Translation: She isn't in love with you and thinks she can do better or has already found someone better. Really, it is just complete nonsense to string you along. Give her her freedom to find herself as a si gle woman ASAP.


----------



## re16

BigDaddyNY said:


> or has already found someone better


I have my money on this... there is someone she wants to test the waters with.


----------



## re16

travislandes63 said:


> on paper I'm a good husband


With what she is doing now, she is not a good wife on paper....


----------



## DudeInProgress

BigDaddyNY said:


> Translation: She isn't in love with you and thinks she can do better or has already found someone better. Really, it is just complete nonsense to string you along. Give her her freedom to find herself as a si gle woman ASAP.

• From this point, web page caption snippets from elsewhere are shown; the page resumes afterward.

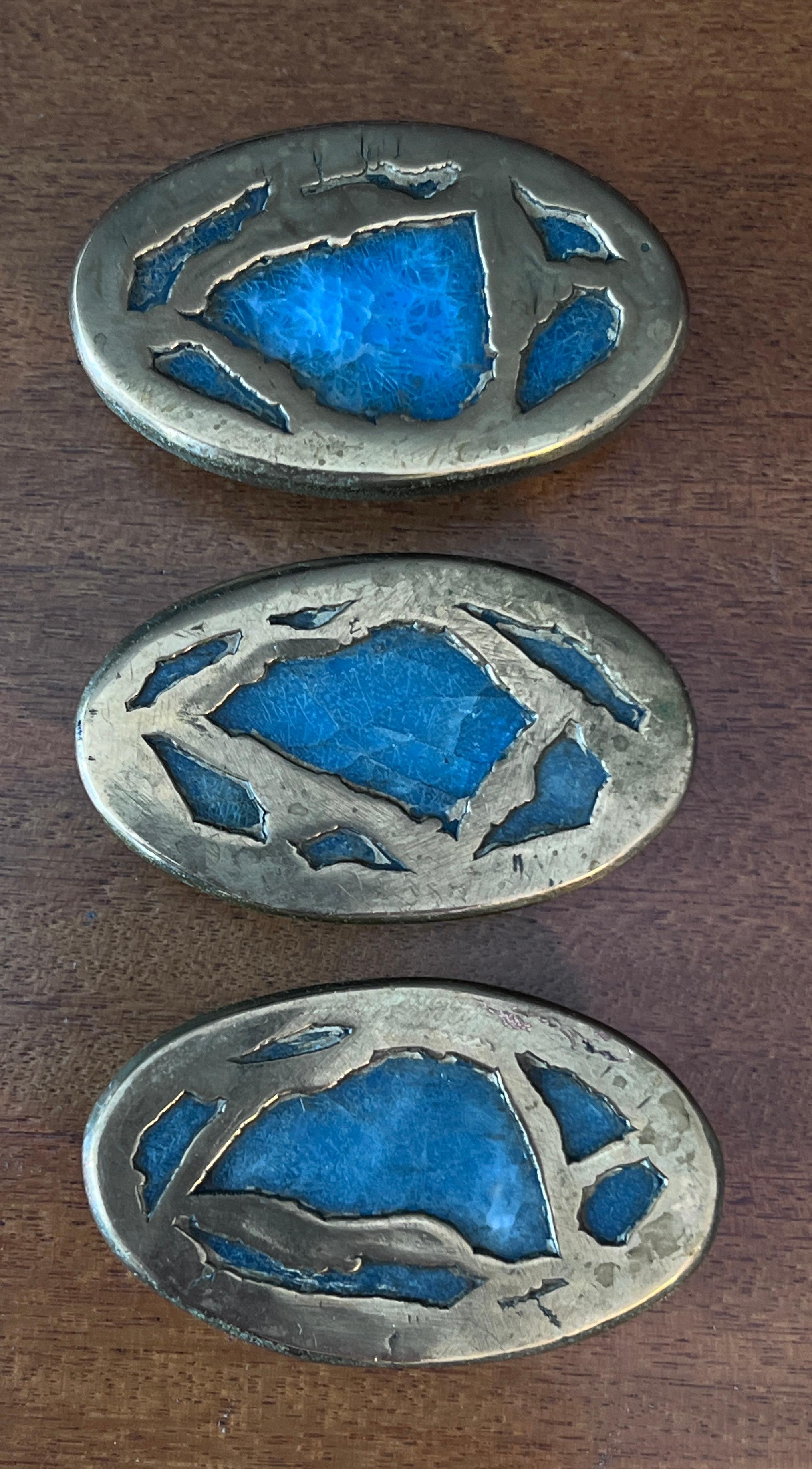 Mid-Century Modern Three Door or Drawer Pulls in Bronze and Stone by Pepe Mendoza Mexico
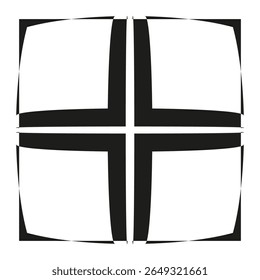 Geometric cross pattern. Black white Vector. Abstract square shape. Symmetrical graphic art.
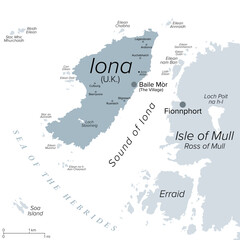 Iona, island of Scotland, gray political map. Island in the Hebrides, off Ross of Mull. Known for Iona Abbey, center of Gaelic monasticism for centuries, birthplace of Celtic Christianity in Scotland.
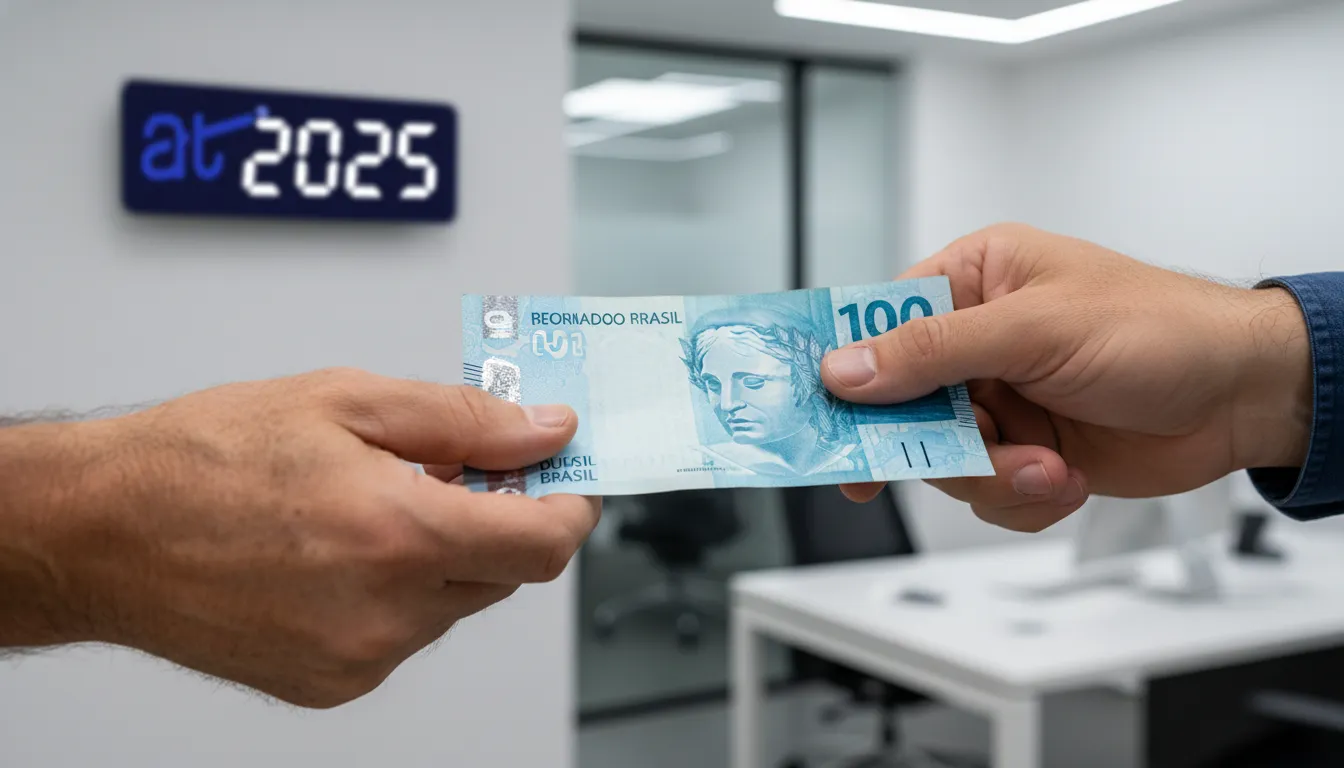 Mãos trocando cédula de R$100, representando liquidez imediata para precatório federal 2025.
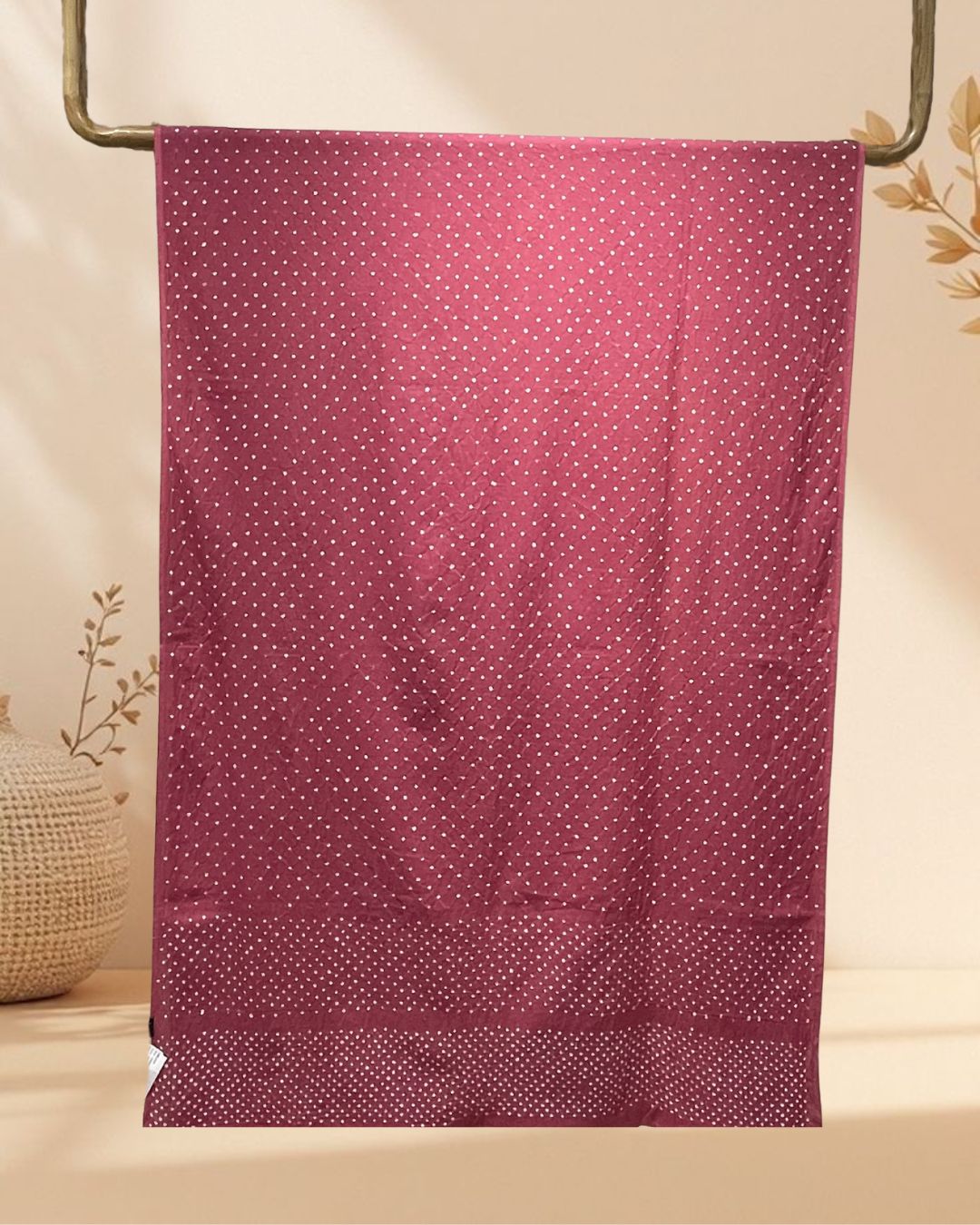 MAUVE OVERALL BORDER DOT COTTON BANDHANI FABRIC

So far, it doesn’t look like he has the strength or self-respect to take the appropriate action.

He keeps liking all the posts like this, but then continues to do nothing, other than keep rehashing and overanalyzing the same conversations that we’ve already translated for him.


----------



## Jimi007

re16 said:


> I have my money on this... there is someone she wants to test the waters with.


Sounds like re16 hit the nail squarely on the head....She already has a dating app on her phone , probably also snap chat (the cheater app ) and what's app....
I know that you don't want to hear it...it sucks


----------



## *Deidre*

I can think of worse things in life than leaving a lying cheater, OP. It may be inconvenient, and it may hurt...but it will hurt way worse if you stay with her, because she's just using you at this point as a back up in case all of her ''self discovery'' plans fall apart.


----------



## travislandes63

DudeInProgress said:


> So far, it doesn’t look like he has the strength or self-respect to take the appropriate action.
> 
> He keeps liking all the posts like this, but then continues to do nothing, other than keep rehashing and overanalyzing the same conversations that we’ve already translated for him.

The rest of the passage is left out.